Micha Reichert arbeitet allein. Manchmal würden ihn Dinge im Alltag oder im Internet inspirieren, meistens aber schnitze er an den Aufträgen von Kunden. Die berät er meist im direkten Gespräch und konzipiert dann ein individuelles, auf den Kunden zugeschnittenes Werk. Inzwischen arbeite er eigentlich nur noch auf Auftragsbasis.
Blick in die Zukunft
Manchmal mache er sich Sorgen, ob er diesen Job bis ins Rentenalter machen könne, erzählt Reichert. Natürlich sei es ein schöner Beruf, er sei aber trotzdem sehr auf die regelmäßigen Aufträge angewiesen. Er träumt von einer eigenen Galerie, würde am liebsten seine eigenen Ideen umsetzen und die Kunstwerke erst im Nachhinein an Interessenten verkaufen, anstatt nur die Aufträge anderer Leute zu bearbeiten. Unter anderem um Menschen den Wald und die Tiere näherzubringen, um einer gewissen Naturentfremdung entgegenzuwirken, habe er sich Ausstellungen zu den Wildtieren Europas, Afrikas etc. überlegt.

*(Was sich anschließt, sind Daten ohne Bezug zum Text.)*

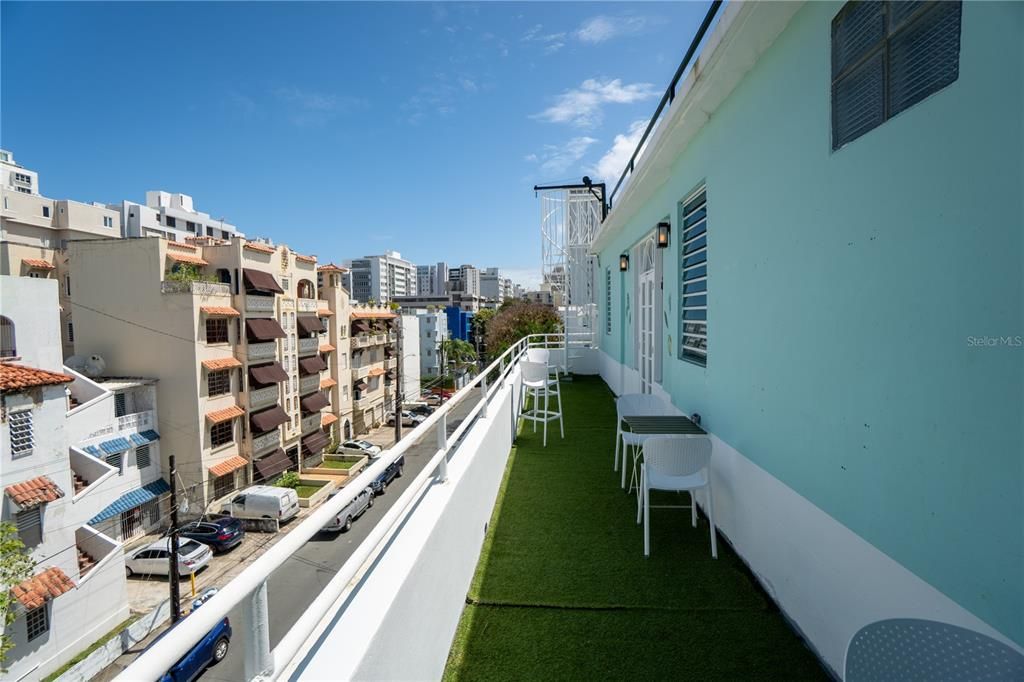 En Venta: $975,000 (3 camas, 2 baños, 0 Pies cuadrados)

Ob es damit klappt, wird die Zukunft zeigen. Sicher ist, dass die Nachfrage erstmal nicht nachlassen wird. Auf seiner Webseite www.michareichert.de kann man die realistischen Skulpturen bestellen, ihn zum Show Schnitzen buchen oder einen hässlichen Baumstumpf von ihm bearbeiten lassen. Außerdem kann man seine Schnitzkünste auf seinem Instagram-Account @micha.reichert bewundern – der hat immerhin schon über 61.000 Follower.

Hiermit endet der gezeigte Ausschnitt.